Tutu'ya göre, Komisyon cezalandırmadan ziyade ulusal düzeyde ruhsal iyileşme, bağışlama, uzlaşma anlayışını yaymayı ve bunu topluma benimsetmeyi amaçlamıştı. Bu yüzden de Komisyon karşısına çıkan kimi güvenlik görevlileri işlediği suçları itiraf etmeleri karşılığında affedilmişti. Adaletin sadece klasik cezalandırma ile sağlanacağını düşünenler ve mağdurlar için bu durum kabullenilmesi güçtü; ama yalnızca tam itiraf sonrası sınırlı sayıda kişi bağışlanmıştı.

Yine Tutu'ya göre, toplumdaki dengesizlikleri cezalandırma yoluyla giderme yerine, iyileştirme, uyum ve uzlaşma ile kopmuş ilişkileri restore edici adalet tercih edilmeliydi. Geçmişin yaralarını iyileştirmenin acı veren bir deneyim olduğu doğrudur; ancak, yaraların temizlenmesi ve iyileştirilmesi de gerekmektedir.

Komisyonun af yetkisine yapılan itirazlara karşı Tutu, bu sayede Apartheid döneminin karanlık yüzünün, geçmişte işlenen çok sayıda cinayet ve katliamın aydınlandığını savunmakta ve af olmasaydı, adli yargılama ile birçok cinayet ve hak ihlalinin, kanıtlanma zorlukları nedeniyle aydınlanamayacağını ifade etmektedir.

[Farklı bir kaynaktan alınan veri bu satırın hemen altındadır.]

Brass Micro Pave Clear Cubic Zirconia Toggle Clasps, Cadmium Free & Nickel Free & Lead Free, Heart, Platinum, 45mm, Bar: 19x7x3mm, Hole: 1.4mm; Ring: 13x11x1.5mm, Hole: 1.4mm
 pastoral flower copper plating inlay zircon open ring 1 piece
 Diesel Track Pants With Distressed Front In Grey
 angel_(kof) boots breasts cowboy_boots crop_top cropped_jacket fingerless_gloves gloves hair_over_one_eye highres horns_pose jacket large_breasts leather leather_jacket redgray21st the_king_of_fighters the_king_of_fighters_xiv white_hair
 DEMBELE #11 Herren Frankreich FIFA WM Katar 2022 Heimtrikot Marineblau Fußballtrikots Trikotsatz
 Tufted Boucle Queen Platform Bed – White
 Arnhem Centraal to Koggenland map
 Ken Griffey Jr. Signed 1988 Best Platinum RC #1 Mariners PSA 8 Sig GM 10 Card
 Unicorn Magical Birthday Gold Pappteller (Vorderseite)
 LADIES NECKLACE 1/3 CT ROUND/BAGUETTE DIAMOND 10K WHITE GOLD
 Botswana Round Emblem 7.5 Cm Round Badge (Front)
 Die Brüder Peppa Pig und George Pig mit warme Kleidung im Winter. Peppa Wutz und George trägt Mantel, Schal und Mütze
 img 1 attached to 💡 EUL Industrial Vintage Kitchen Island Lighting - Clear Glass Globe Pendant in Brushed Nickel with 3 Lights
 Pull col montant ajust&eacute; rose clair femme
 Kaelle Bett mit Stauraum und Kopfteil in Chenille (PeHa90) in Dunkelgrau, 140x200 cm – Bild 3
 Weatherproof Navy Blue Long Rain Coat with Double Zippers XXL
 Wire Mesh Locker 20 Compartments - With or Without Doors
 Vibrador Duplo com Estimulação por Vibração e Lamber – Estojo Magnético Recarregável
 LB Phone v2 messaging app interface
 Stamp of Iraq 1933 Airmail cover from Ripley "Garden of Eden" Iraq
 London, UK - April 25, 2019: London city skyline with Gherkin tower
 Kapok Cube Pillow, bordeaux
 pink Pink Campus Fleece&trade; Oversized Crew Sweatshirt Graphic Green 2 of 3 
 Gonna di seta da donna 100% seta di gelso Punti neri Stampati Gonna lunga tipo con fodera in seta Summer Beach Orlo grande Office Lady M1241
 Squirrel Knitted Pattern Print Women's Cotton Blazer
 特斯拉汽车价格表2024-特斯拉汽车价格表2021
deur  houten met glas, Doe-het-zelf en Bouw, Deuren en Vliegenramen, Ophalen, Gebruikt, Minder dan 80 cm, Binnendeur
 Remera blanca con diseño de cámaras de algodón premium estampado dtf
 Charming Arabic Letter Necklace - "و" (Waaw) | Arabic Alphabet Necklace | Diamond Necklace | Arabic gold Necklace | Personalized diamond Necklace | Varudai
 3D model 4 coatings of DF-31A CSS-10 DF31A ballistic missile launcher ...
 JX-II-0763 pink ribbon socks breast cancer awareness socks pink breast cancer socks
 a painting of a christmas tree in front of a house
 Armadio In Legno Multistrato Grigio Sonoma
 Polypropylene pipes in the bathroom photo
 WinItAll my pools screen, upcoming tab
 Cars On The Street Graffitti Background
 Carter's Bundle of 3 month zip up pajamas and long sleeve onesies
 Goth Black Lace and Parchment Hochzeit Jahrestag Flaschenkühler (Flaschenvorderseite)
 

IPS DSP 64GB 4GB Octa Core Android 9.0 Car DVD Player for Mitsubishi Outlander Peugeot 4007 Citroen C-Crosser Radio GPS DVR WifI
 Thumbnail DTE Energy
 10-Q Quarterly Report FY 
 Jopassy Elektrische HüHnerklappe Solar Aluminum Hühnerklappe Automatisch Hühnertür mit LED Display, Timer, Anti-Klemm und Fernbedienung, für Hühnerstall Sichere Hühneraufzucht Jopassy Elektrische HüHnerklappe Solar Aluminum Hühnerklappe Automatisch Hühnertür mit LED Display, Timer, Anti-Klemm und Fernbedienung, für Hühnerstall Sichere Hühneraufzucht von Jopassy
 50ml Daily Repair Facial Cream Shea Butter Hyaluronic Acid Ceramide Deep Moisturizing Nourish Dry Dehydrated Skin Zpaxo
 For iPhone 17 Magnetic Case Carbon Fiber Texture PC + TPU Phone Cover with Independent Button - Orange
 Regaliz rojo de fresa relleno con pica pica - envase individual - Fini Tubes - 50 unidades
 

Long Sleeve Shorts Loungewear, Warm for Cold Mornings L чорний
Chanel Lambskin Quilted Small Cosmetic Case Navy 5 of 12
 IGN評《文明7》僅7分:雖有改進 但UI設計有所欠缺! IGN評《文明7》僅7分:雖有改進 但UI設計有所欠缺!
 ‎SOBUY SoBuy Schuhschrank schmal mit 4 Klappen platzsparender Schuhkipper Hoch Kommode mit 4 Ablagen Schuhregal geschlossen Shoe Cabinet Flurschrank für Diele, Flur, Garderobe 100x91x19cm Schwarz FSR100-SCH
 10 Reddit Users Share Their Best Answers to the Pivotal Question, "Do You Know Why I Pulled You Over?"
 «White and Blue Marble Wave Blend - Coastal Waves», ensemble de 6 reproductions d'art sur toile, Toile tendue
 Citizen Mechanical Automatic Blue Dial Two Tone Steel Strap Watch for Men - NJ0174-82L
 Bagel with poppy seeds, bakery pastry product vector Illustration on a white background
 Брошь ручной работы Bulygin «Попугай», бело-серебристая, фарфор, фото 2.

Tutu raporda, Komisyonun geçmişte hem beyazların ve ırkçı beyaz yönetimin, hem de siyahların ağır insan hakları ihlalleri işlediğinin saptandığını; devletin vatandaşlarına karşı yürüttüğü savaş için önemli kaynaklar ayırdığının anlaşıldığını; bu amaçla ölüm mangalarının kurularak işkenceler yapılıp cinayetlerin işlendiğinin yeterli kanıtlarla ortaya çıktığını kaydetmektedir. Aynı zamanda (siyahların) özgürlük hareketinin de üst etik değerler taşımadığını, sık sık halkı kontrol edilemez olaylara teşvik ettiğinin de anlaşıldığını ifade etmektedir.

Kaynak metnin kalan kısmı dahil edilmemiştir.